What set you on the road to your current career path?
For me women’s football embodies the purest values of sport, and beyond the pitch it represents passion, determination and women’s empowerment. So, I have created a job around this for myself. I arrange partnerships with companies to invest in these values and women’s football, and I currently have lots of projects on the go, including one with Nintendo which I’m particularly excited about.
As someone with 18 years of experience as a player, I want to support the next generation. Not just in terms of professional status - which is to be introduced to women’s football in Italy next year - but by providing better facilities, adequate health care, youth development programs and a self-sustaining structure. I want to make a real difference for women footballers and I’m going to start with Italy.
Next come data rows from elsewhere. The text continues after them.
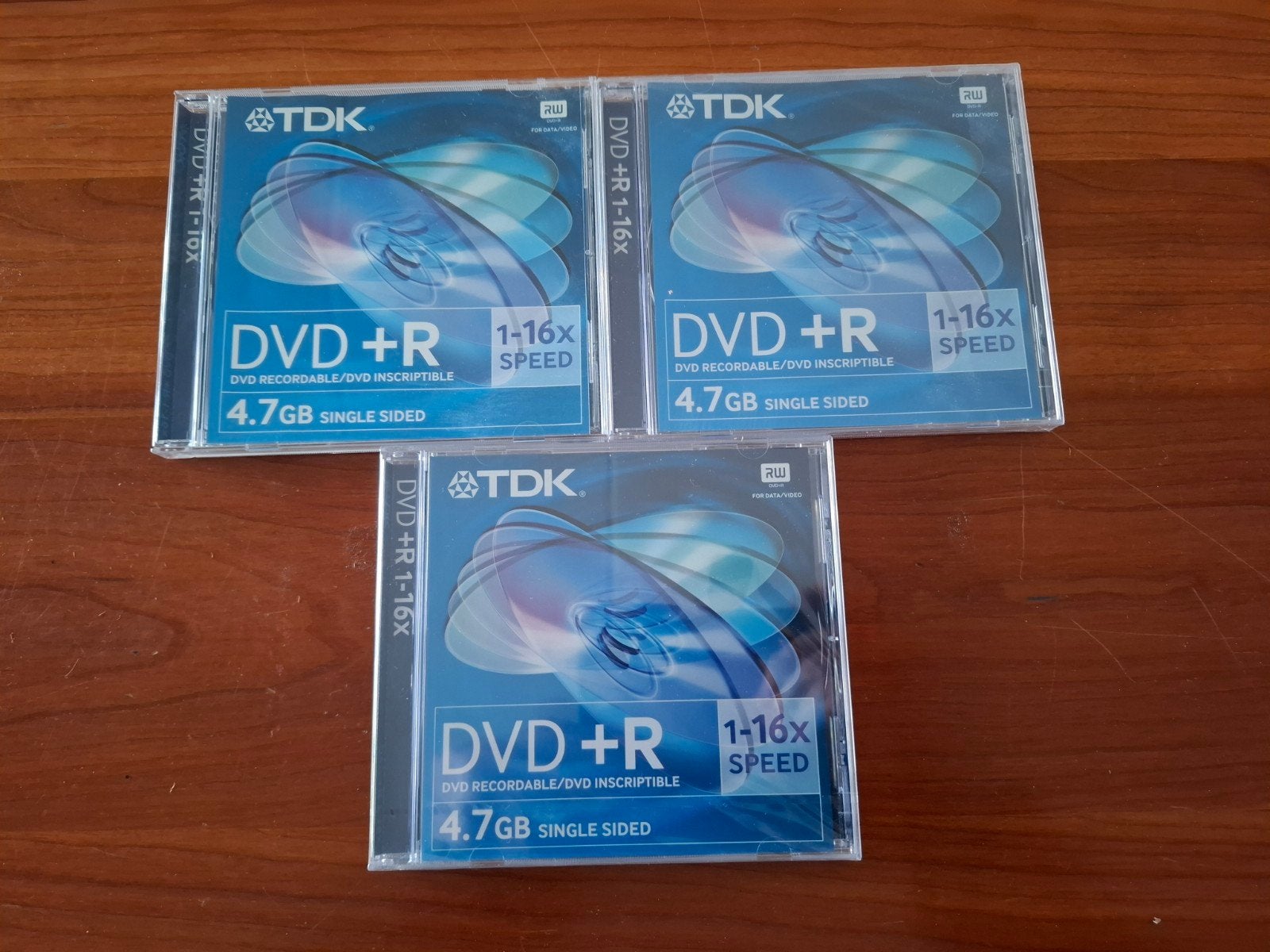 TDK DVD+R 1-16x 4.7GB Single Sided (3 stuks), Ophalen of Verzenden, Nieuw, Dvd, TDK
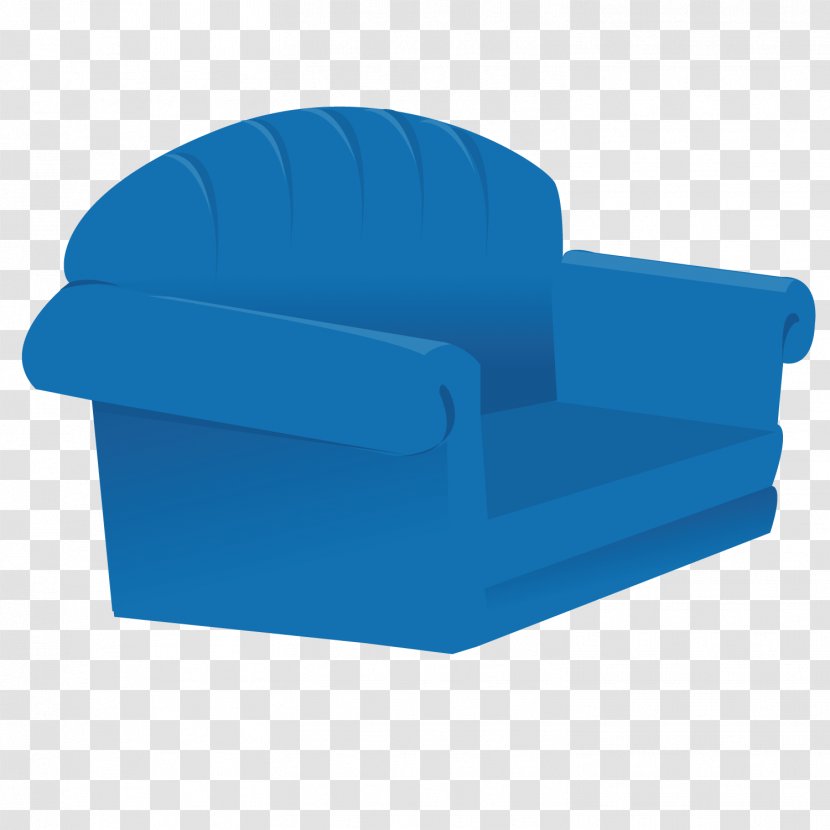 Chair Couch Angle - Blue Sofa Transparent PNG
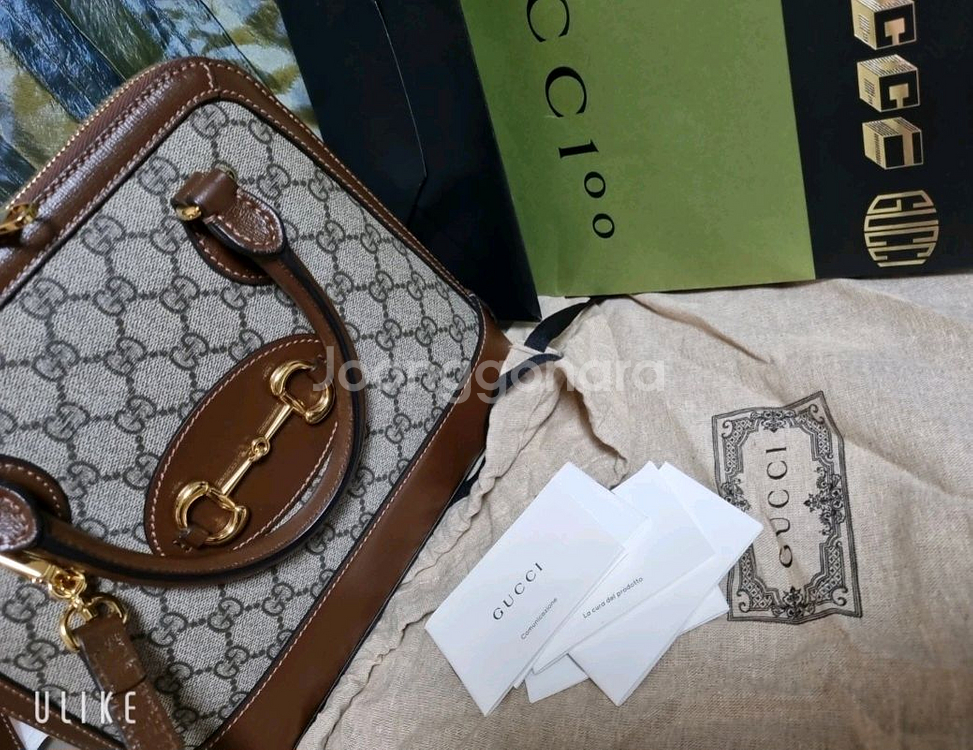 구찌 홀스빗1955 미디움 핸드백--1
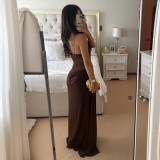 Women Summer Mesh See-Through Sexy Strapless Lace Strap Dress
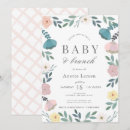 Search for brunch baby girl shower invitations Botanical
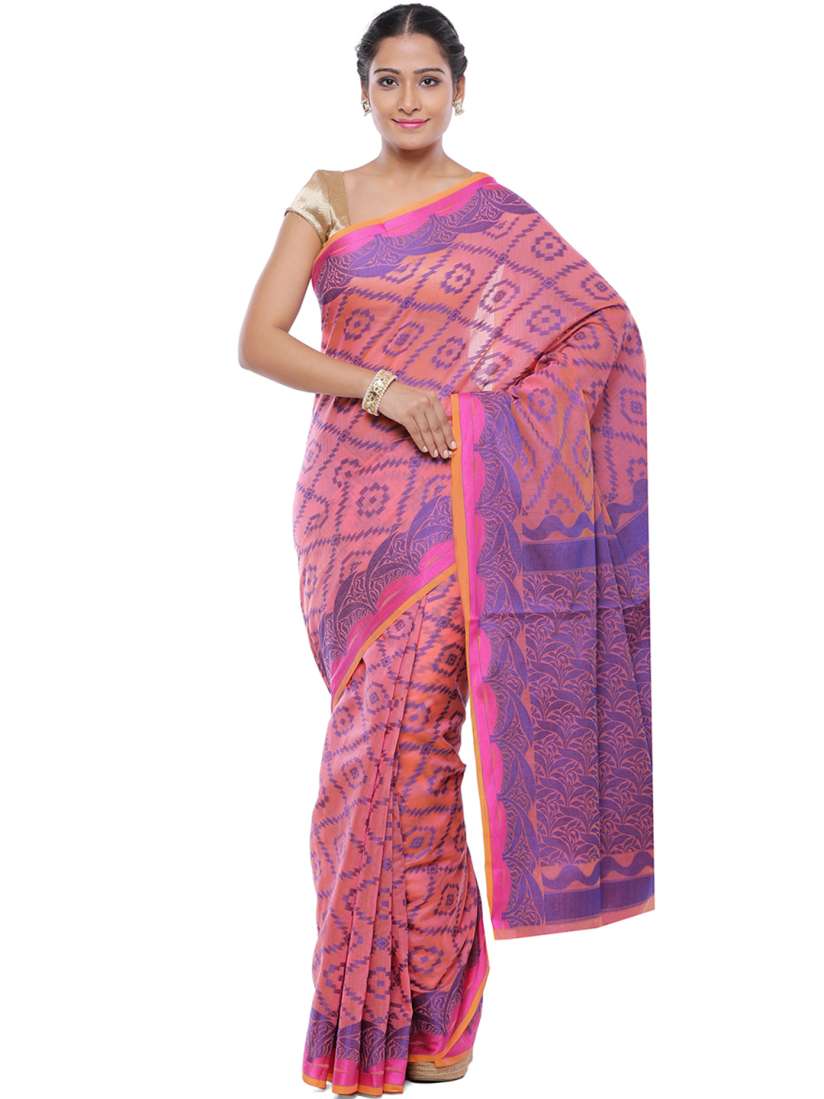 Buy BANARASI SILK WORKS Pink Purple Art Silk Woven Design Banarasi Saree Sarees for Women 1915147 Myntra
What was your greatest achievement as a player?
For women’s football in Italy, the fact that female players will be counted as professionals as of 2022 is a huge achievement for every single person that has played the game as an amateur – our work and dedication has paved the way, and it is a moment I will take great pride in.
Personally, I realised the impact I had upon the game when I retired last season. I received a lot of communications from both teammates and opponents to say that playing with me was an experience that they valued.
For me that was the greatest victory of my career because, as much as trophies are important to every athlete, it’s not what you take from the game that you’ll be remembered by – but rather what you leave behind.
Are there any skills that you learned as a player that are applicable to your work today?
I would say one of my strongest assets is my knowledge of the game, and not just the workings of the top leagues or the national team, but every level that leads up to that.
Women’s football is constantly evolving and I’m always up to date with the latest news and developments across every aspect of the game. As a player I established a true passion for the world of women’s football, and in my experience, that’s just as useful off the pitch as it was on it.
“It’s been great meeting all these women who are so passionate and driven - it’s opened an incredible dialogue”
How do you think that the football industry will benefit from a more diverse leadership?
I think diversity is so important at an executive level, as it allows projects and issues to be approached from different standpoints. Working with people with varied backgrounds and experiences from our own helps to promote an open mind and a broader understanding of the industry that we’re working in.
When I first started playing in Iceland I was exposed to not only a different culture, but a completely new perspective of the game. Play was so much more physical, while in Italy we paid more attention to technical skills – it wasn’t better or worse – but just a different approach.
I adapted, and when I came back to Italy I did so as an improved player with a more rounded skillset and vision of the game. I think that’s what every company and industry needs – to learn and be guided by different experiences in order to piece together the full picture, and achieve better results as a consequence.
How have you found the Ready to Board course so far?
It’s been fantastic. Even after the first two weeks I’ve picked up so much that is going to be invaluable to my career – not least of all the self-confidence that I’ve developed as part of the course.
It’s been great meeting all these women who are so passionate and driven in their work, and it’s opened an incredible dialogue. I even recognised some of the participants from my playing days. Diana Matheson and I used to come head-to-head in midfield during the Cyprus Cup while she was representing Canada – she’s very technical and clever, both on the pitch and off!